Leave the pictures out and write out exactly the lines from the top of the entries through the line containing "More photos of".
▽
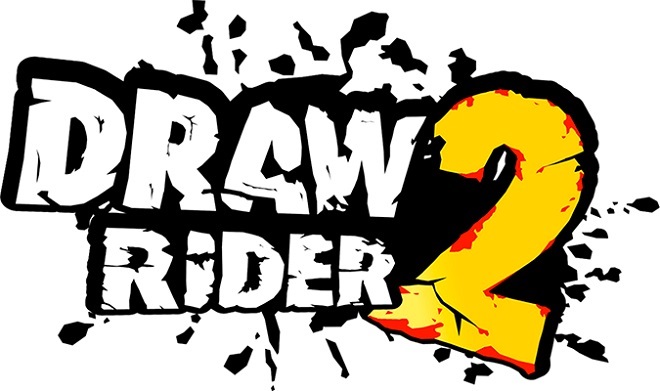 Draw Rider 2 v2.1 - торрент Draw Rider 2 v2.1 - торрент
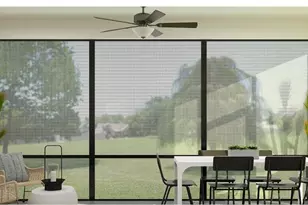 7779 Lakes Edge Ln, Port Charlotte, FL 33981 - Photo 14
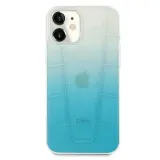 oryginalne-etui-case-mercedes-do-iphone-12-mini-dedykowany-model-apple-iphone-12-mini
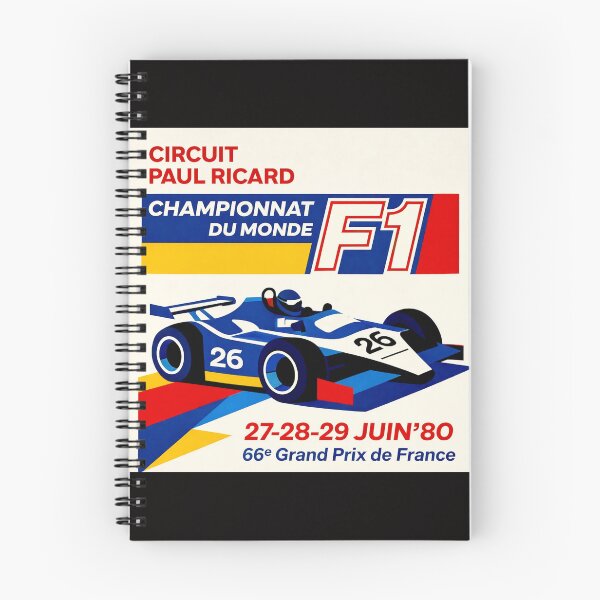 Item preview, Speed Becomes Timeless Art France #9 designed and sold by Helios Be. Lavsh.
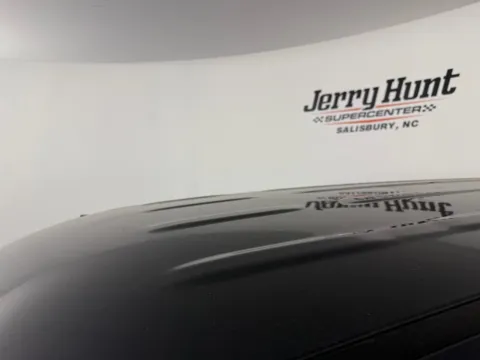 More photos of 2020 Kia Soul S at Jerry Hunt Supercenter - Salisbury, NC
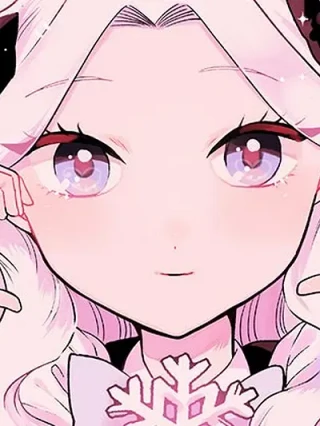 Leer Tsuruko no Ongaeshi online gratis en ToonDeseo Portada de Tsuruko no Ongaeshi - Manhwa sin censura - ToonDeseo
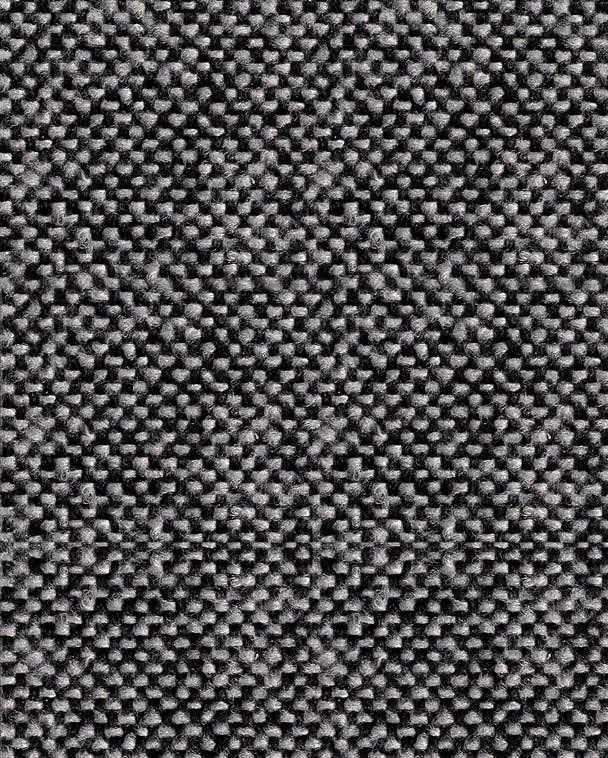 477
△
◆ Reply:
 Draw Rider 2 v2.1 - торрент Draw Rider 2 v2.1 - торрент
 7779 Lakes Edge Ln, Port Charlotte, FL 33981 - Photo 14
 oryginalne-etui-case-mercedes-do-iphone-12-mini-dedykowany-model-apple-iphone-12-mini
 Item preview, Speed Becomes Timeless Art France #9 designed and sold by Helios Be. Lavsh.
 More photos of 2020 Kia Soul S at Jerry Hunt Supercenter - Salisbury, NC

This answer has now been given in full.